In the migrant-prone Belpada block there is only one counsellor. The post of laboratory technician is lying vacant. People from this block referred for HIV testing either go to Kantabanji or Patnagarh. The link workers scheme advocates for quality and effective health services. As a result, the district health administration and district AIDS prevention and control unit have taken alternative measures like deputation of technicians from other ICTCs.

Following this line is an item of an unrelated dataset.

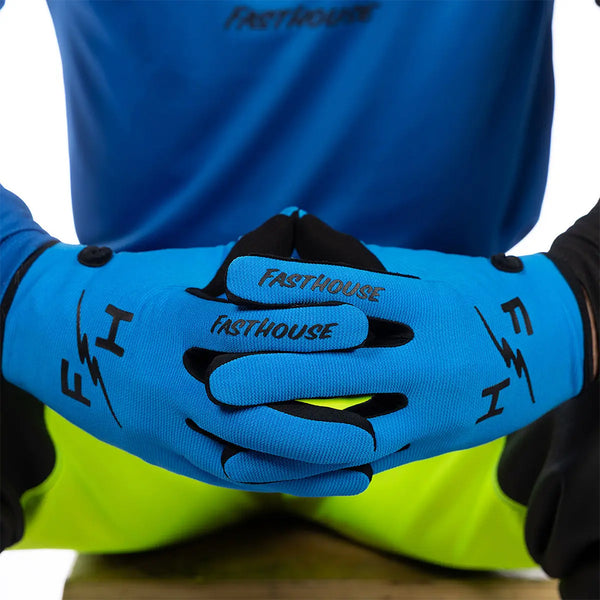 Fasthouse - Carbon Eternal Electric Blue Gloves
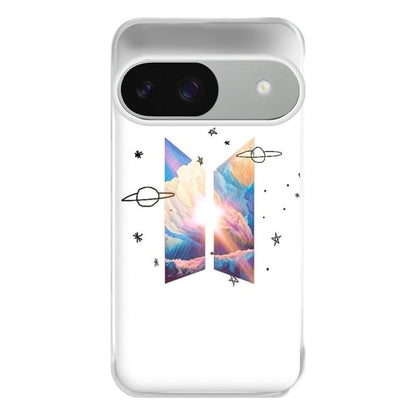 Space K-Pop Band Logo Phone Case for Google Pixel 9 / 9 Pro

“To partially ease their burden, we have imparted training in HIV blood testing to malaria technicians who are now able to manage emergency situations, said an official here. It is an ad hoc approach and permanent posting of personnel is very much required, commented an NGO activist. The appointment is done by Orissa State AIDS Council. A total of 135 posts of lab technicians are lying vacant in the six high-prevalence districts of Odisha,” disclosed a medical official.
The ART centre would come up by the end of this month, informed CDMO PC Sahu. Moreover, a community care centre would also be opened, he added. Already 247 people have been identified as HIV-positive and 35 have died of AIDS in the district. This is nothing but just the tip of the iceberg. Once NGOs involved in targeted intervention projects work properly, the number would go up to 1,500, warned Sahu.
Balangir district has been put in the ‘A’ category of high HIV-prevalence districts of Odisha in view of high migrant population, lack of awareness and ignorance and absence of treatment facilities. While crores of rupees are being spent on awareness, the vacant posts are not being filled up immediately. Once the vacant posts are filled up it would go a long way in detection of HIV, treatment of infected persons and awarding them a chance to live as guaranteed in the constitution, pointed out an NGO worker.